# Is it just me or are saugeyes the hardest fish to catch in central ohio?



## 93stratosfishnski (Aug 25, 2011)

i've had no problem landing 20+ of every other species this summer...
largemouth-35
small mouth-22
white bass-26
hybrids-52
crappies-145
bluegills-tons
catfish-31

*saugeyes-2*

I fished indian lake today with my dad from the bank because i'm waiting on parts for my boat, and people caught fish all around us. we mocked their baits, they're technique.. and i missed 1 bite and caught a scale and a rock.
*Thats right you heard it here.. my hook stuck into a rock and I then reeled it in like 10 ft to the shore. * BUT NO SAUGEYES!!!!!!

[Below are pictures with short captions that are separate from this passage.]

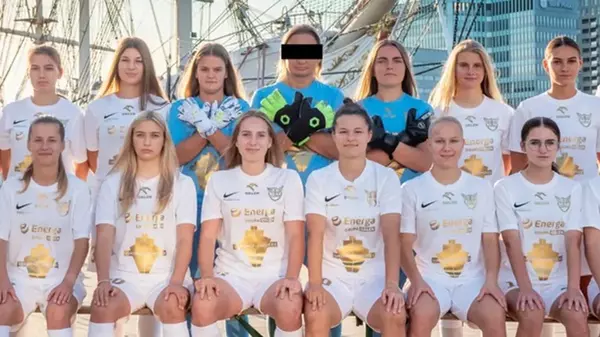 В Польше вратарь женской команды оказался мужчиной-преступником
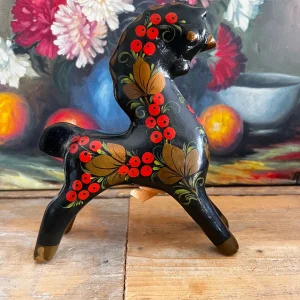 Zwart Khokhloma paardje van hout – handbeschilderd rood bloemenmotief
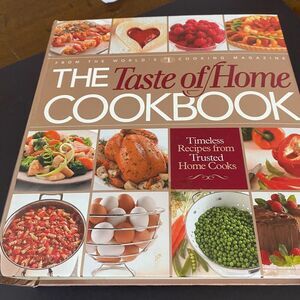 The Taste of Home Cookbook: Timeless Recipes from Trusted Home Cooks Ring Bound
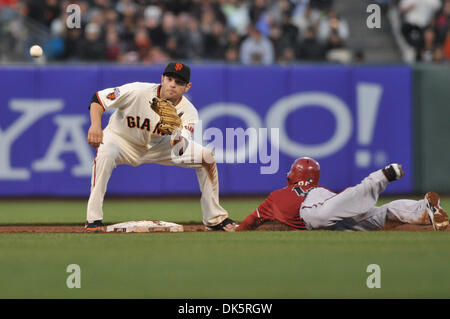 11. Mai 2011 - San Francisco, Kalifornien - San Francisco Giants zweiter Basisspieler FREDDY SANCHEZ (#21) bereitet Arizona-Diamantmarkierungen dritte Baseman RYAN ROBERTS (#14) während der Mittwoch Abend Spiel im AT&T Park kennzeichnen.  Die Riesen besiegt die Diamondbacks 4-3. (Kredit-Bild: © Scott Beley/Southcreek Global/ZUMAPRESS.com) Stockfoto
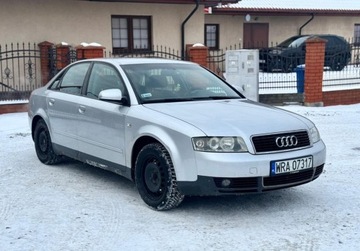 Audi A4 B6 Sedan 2.0 20V 131KM 2001 Audi A4 Limousine 2.0 Benzyna 2.0 Benzyna 130KM, zdjęcie 1
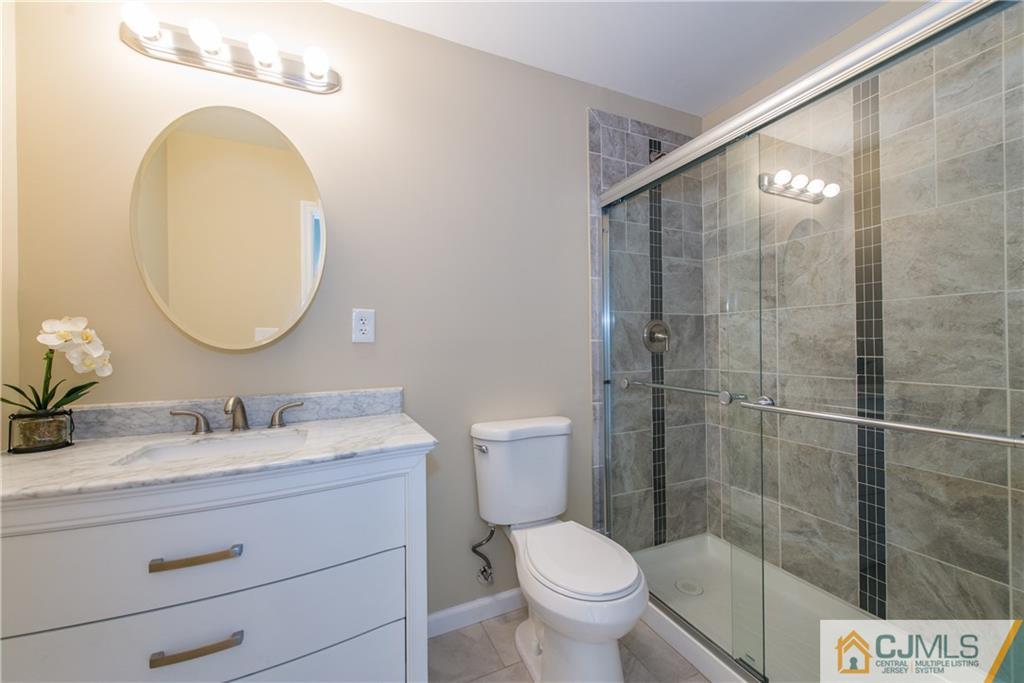 60 Morgan Drive Edison, NJ 08817 - Photo 12 of 20 a bathroom with a toilet a sink and mirror
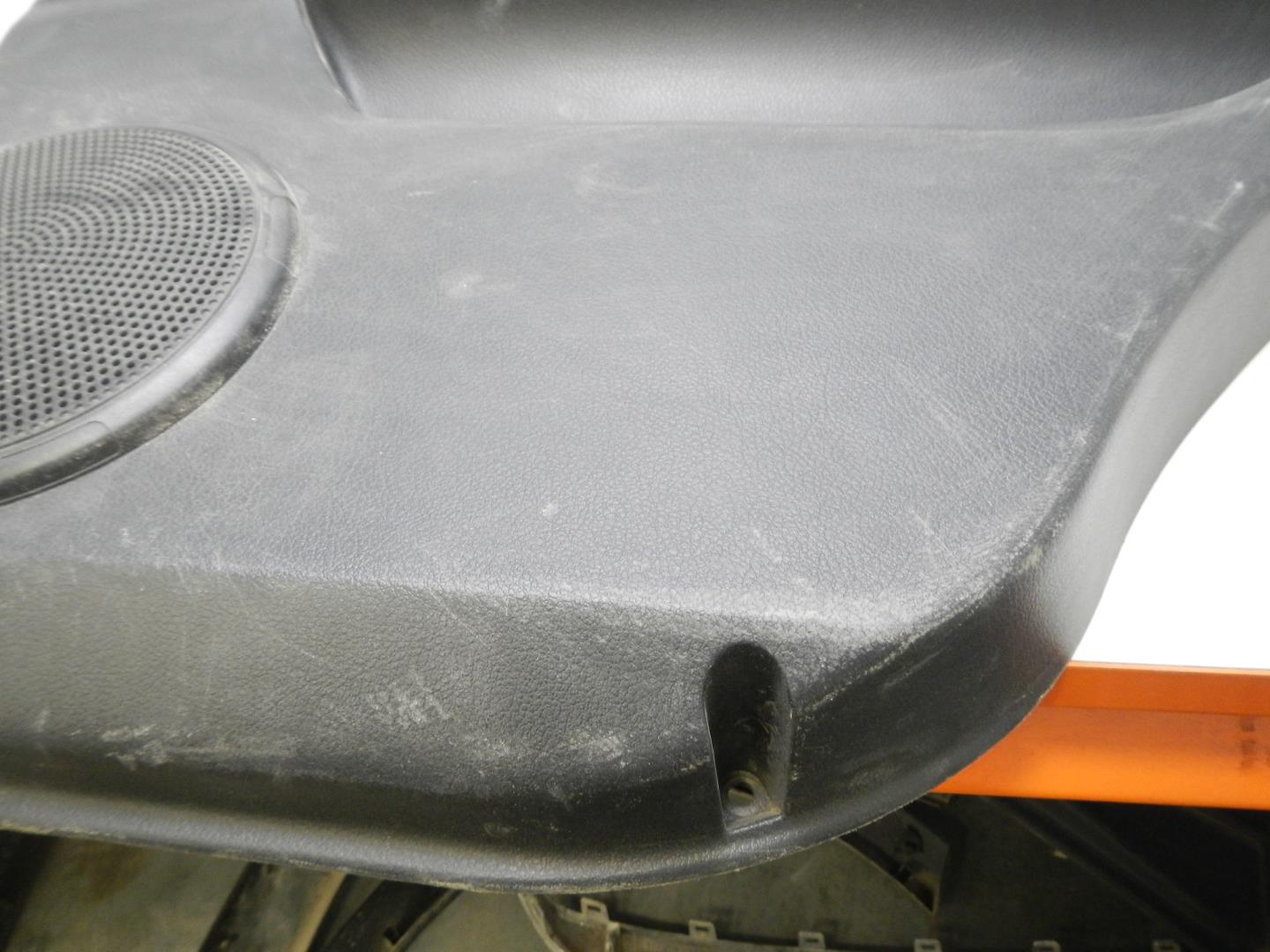 Обшивка двери задней правой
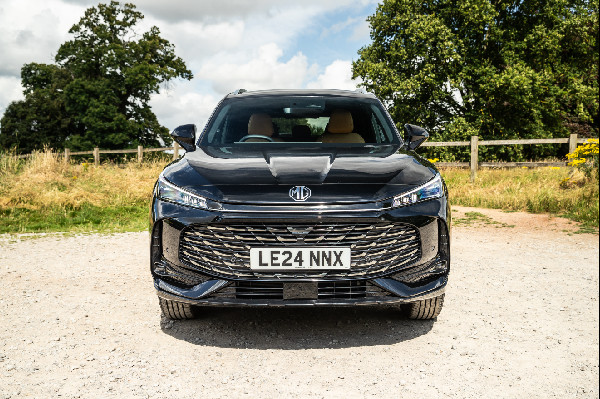 New MG HS Launch: UK Exclusive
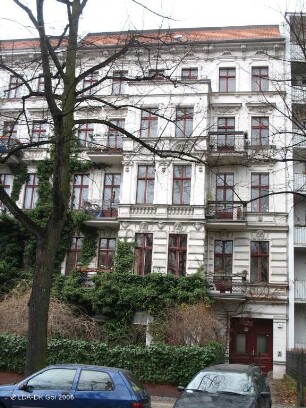Mietshaus & Vorgarten; Berlin, Charlottenburg-Wilmersdorf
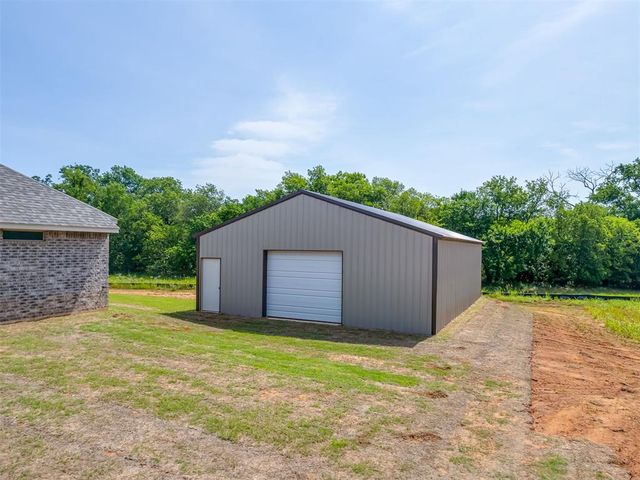 10200 Gentry Crossing, Oklahoma City, OK 73169
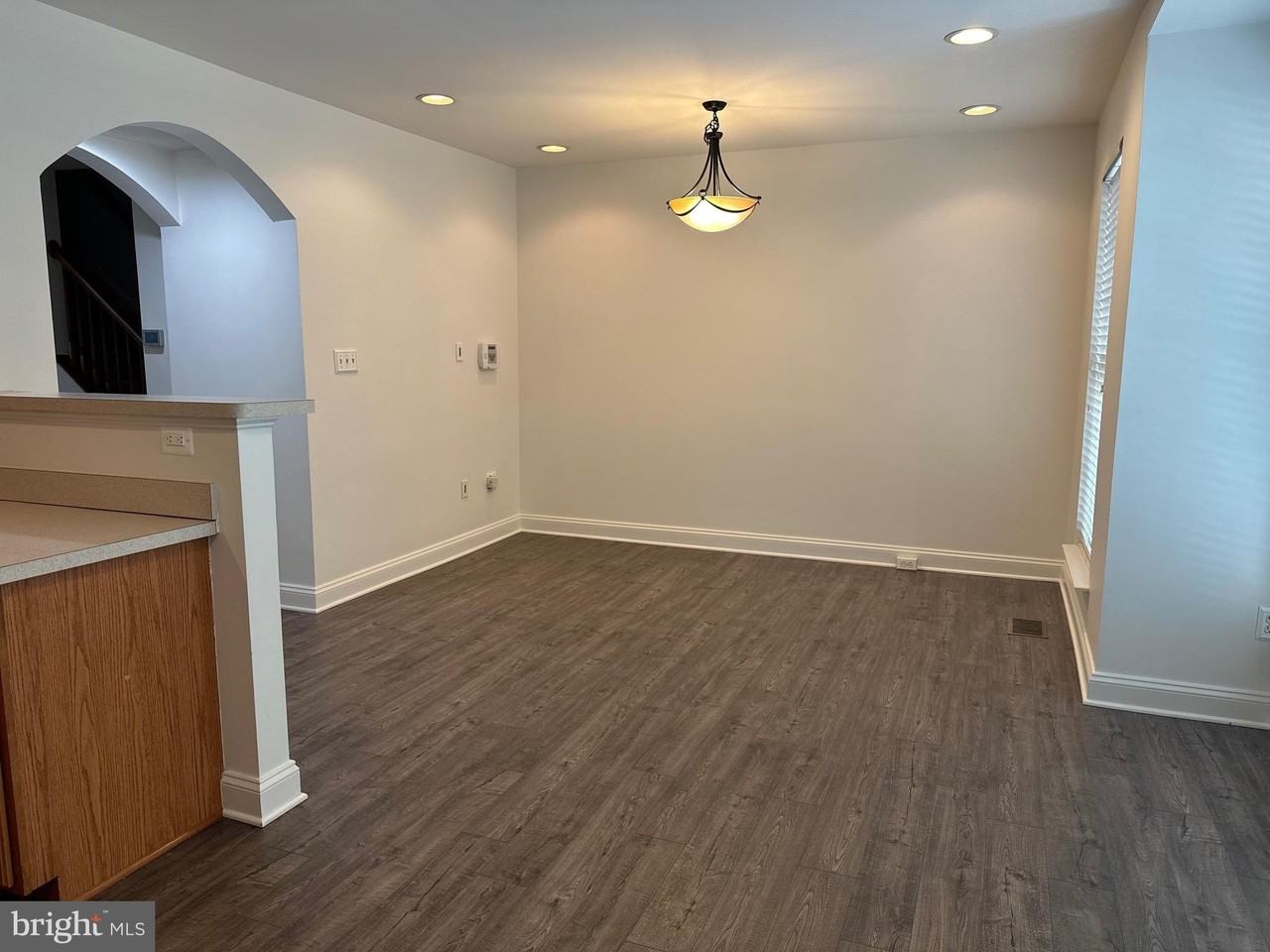 21844 Ladyslipper Sq - Photo 7 of 40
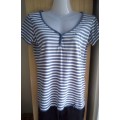 JEEP. Fitted T shirt top , Blue white and silver striped Size Small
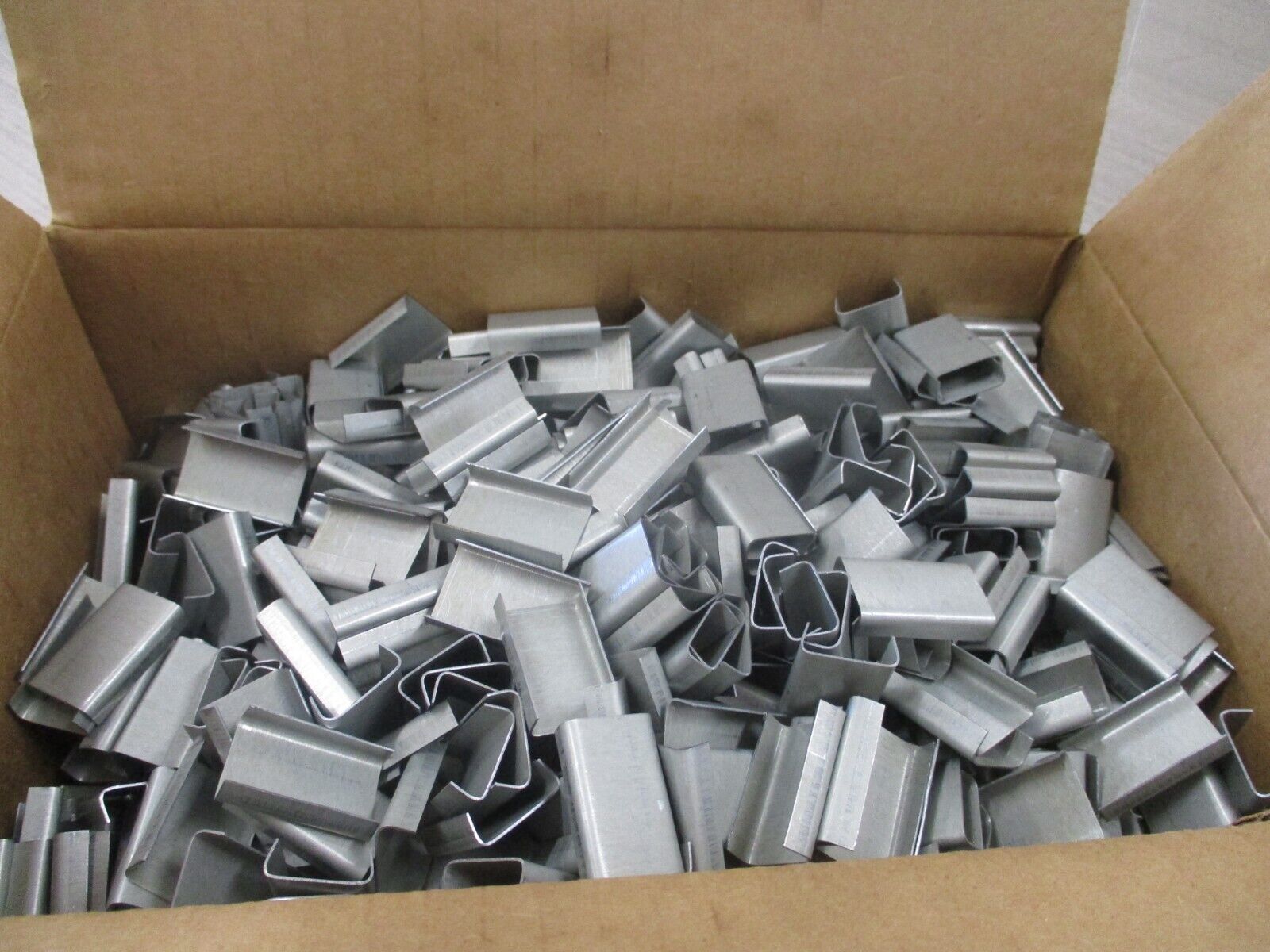 Uline Strapping Seal 5-832 5/8" *Box Of 1000* New Surplus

i'm about to pay some of our pros here for a guided tour.

RANT OFF


----------



## killingtime (Apr 29, 2009)

saugeye can get the best of you sometimes. i have been on both sides of what your talking about. i walked up to a spot where about 15 guys were fishing and the guy next to me said they are not hitting worth a darn and 40 minutes later i walk out with a limit and a couple nights late i go up and fish for 3 hours and catch 1 while a few guys next to me got there limit. i just dont know what to say i guess keep going after them until you get that groove going. were you fishing with the same baits as them or something differant.


----------



## puterdude (Jan 27, 2006)

First off it may be your attitude.You are probably trying too hard.Go out and just go out for the fun of it.Don't go out with the attitude that your are targeting them.Just go out with the frame of mind you are fishing because you enjoy it.Be ready and do fish with a style or method favorable for eyes but don't try so hard.If you are going out beating yourself up over them before you start you've set yourself up for failure already and as odd as it may sound ,attitude is half the battle.You can do it,just any of the rest of us.Just quit trying so hard.


----------



## 93stratosfishnski (Aug 25, 2011)

puterdude said:


> First off it may be your attitude.You are probably trying too hard.Go out and just go out for the fun of it.Don't go out with the attitude that your are targeting them.Just go out with the frame of mind you are fishing because you enjoy it.Be ready and do fish with a style or method favorable for eyes but don't try so hard.If you are going out beating yourself up over them before you start you've set yourself up for failure already and as odd as it may sound ,attitude is half the battle.You can do it,just any of the rest of us.Just quit trying so hard.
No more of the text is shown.